Thanks. Let us know once you get it, they've had the 43mm for a while but this one at 40mm is far more attractive to me. Good luck.


----------



## Davostac (Apr 1, 2020)

I’m really interested in finding out too. I’ve narrowed down my search for a beater to this or a Duro, and I’d rather have an auto with sapphire.


----------



## BoatsLaa (Apr 5, 2020)

....


----------



## TigerUK (Sep 24, 2016)

I received my delivery a few days ago. I'm quite happy with the watch. I ordered the bracelet model, and the bracelet has some issue with it. if you wiggle the end link it somehow gets the spring bar to remove. I saw the milling on the end link was rough one one side, so I wonder if the endlink is catching the springbar and retracting it. I think it's a common problem. As soon as I showed them the video, they said they'll post me a new bracelet.

I don't have a black nato, but decided to have some fun with a bit of colour and feel that this red/cream nato looks good with the watch. I wouldn't have thought these colour combo would go blue black dial, grey bezel with red/cream nato. Tell me if you agree/disagree.

I like the watch, I got it on sale for $75. The cons for me is the bezel edge is sharp, at some point I will take the bezel and insert off and polish it down with a dremel.

The blue on the dial isn't as blue as I'd like. Indoor - it's pretty much all black. You only see the blue outdoors.


----------



## TigerUK (Sep 24, 2016)

The insert is more charcoal/grey than black. which IMHO isn't ideal. It would have been better if it was true black.


----------



## TigerUK (Sep 24, 2016)

To answer OPs question. No I just got it and because of lockdown I wouldn't really be able to go out anywhere to take it in the water.


----------



## Docrwm (Feb 10, 2006)

Thanks for sharing - what is the actual diameter of the watch you received as there has been some confusion online about that dimension?


----------



## TigerUK (Sep 24, 2016)

i'll measure it tomorrow, but it looks 40mm to me.


----------



## Docrwm (Feb 10, 2006)

TigerUK said:


> i'll measure it tomorrow, but it looks 40mm to me.


Sounds good, thanks.


----------



## TigerUK (Sep 24, 2016)

It's 40mm


----------



## millsy258 (Feb 14, 2018)

Finally it's come. Took it straight off the bracelet and onto a eulit perlon!


----------



## Heithel (Mar 7, 2020)

millsy258 said:


> Finally it's come. Took it straight off the bracelet and onto a eulit perlon!


That looks pretty nice! Ordered mine the day before yesterday, how long did it take to get to you?

What's the bezel like?

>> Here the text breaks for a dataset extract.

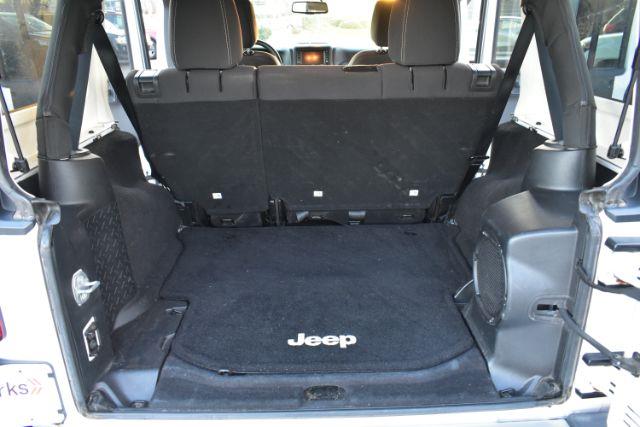 Jeep Wrangler Unlimited Sahara 4WD 2013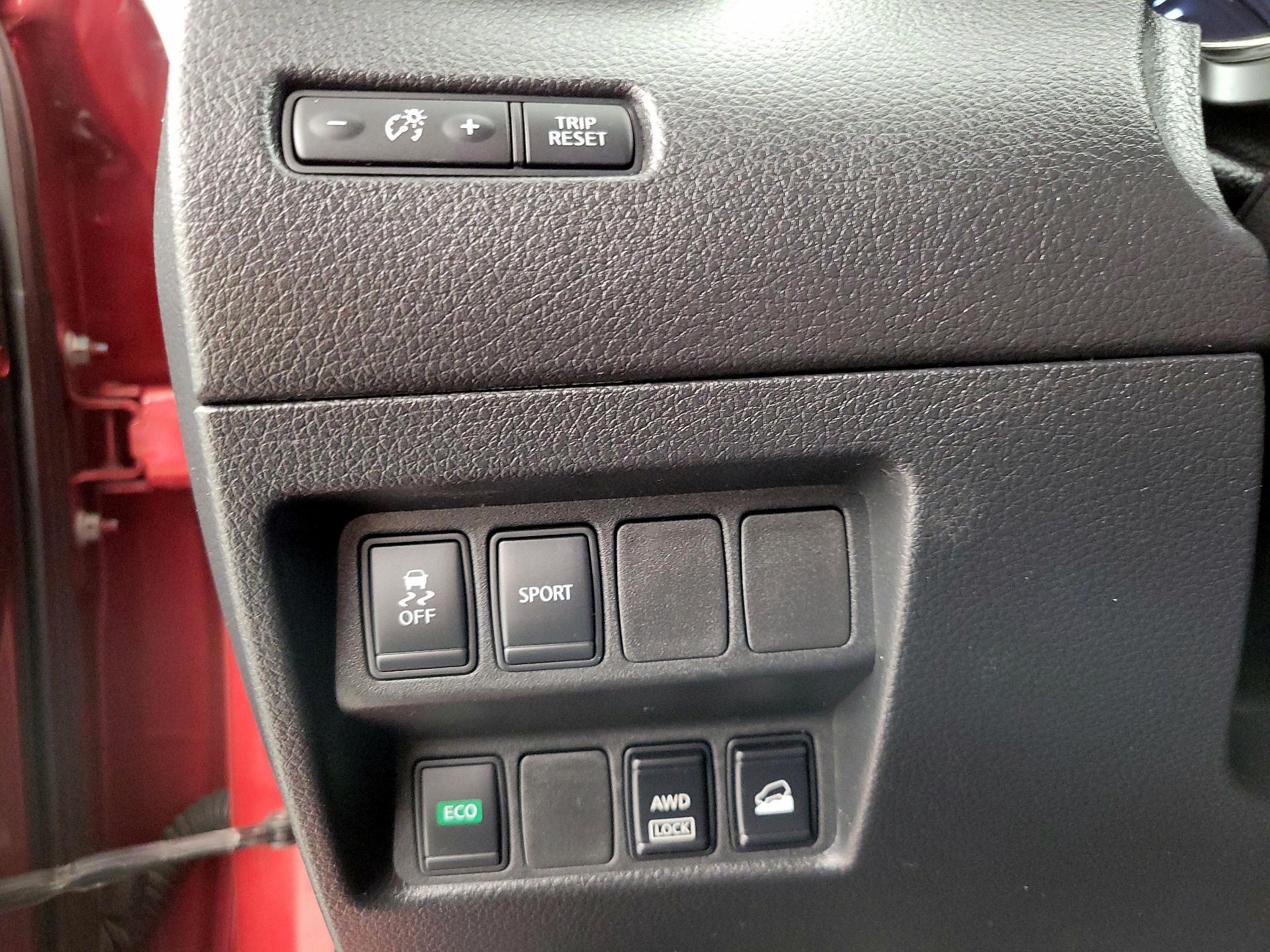 Thumbnail: 2015 Nissan Rogue - 13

Back play? Misalignment?

Anything wrong with the bracelet?

Does the cyclops distort the date a lot?

Sent from my Brain using my Fingers


----------



## millsy258 (Feb 14, 2018)

It took just over a week, that included it being held at customs and having to pay a release fee also. Bracelet feels ok, but I don't think the shiny middle links suit the bezel insert. Bezel has got better using it however it's not as good as my orients / skx. Once clicked very little back play though


----------



## millsy258 (Feb 14, 2018)

Couple of videos here. I'm in the UK also so the shipping times are UK.


----------



## Heithel (Mar 7, 2020)

TigerUK said:


> View attachment 15056937
> 
> 
> View attachment 15056941
> ...


That nato goes really well with it! Nice bit of contrast!

Are you based in the uk? If so how did it take for you? Was it held at customs?

I've seen a review where they mentioned the matte part of the bezel insert picks up scratches very easily, have you noticed this in yours?

Seems odd, as ceramic is supposed to be hard and therefore scratch resistant(?)

The ceramic bezel insert on my SteelDive SKX homage is not showing any mark for example despite being abused at work (until before this lockdown obviously)

Sent from my Brain using my Fingers


----------



## millsy258 (Feb 14, 2018)

I can answer the customs question as I'm in the UK. Mine was held and cost 11.23 to release as it comes via royal mail.


----------



## Heithel (Mar 7, 2020)

millsy258 said:


> I can answer the customs question as I'm in the UK. Mine was held and cost 11.23 to release as it comes via royal mail.


May I ask you how did you get notified it was held at customs and how did you pay to release it?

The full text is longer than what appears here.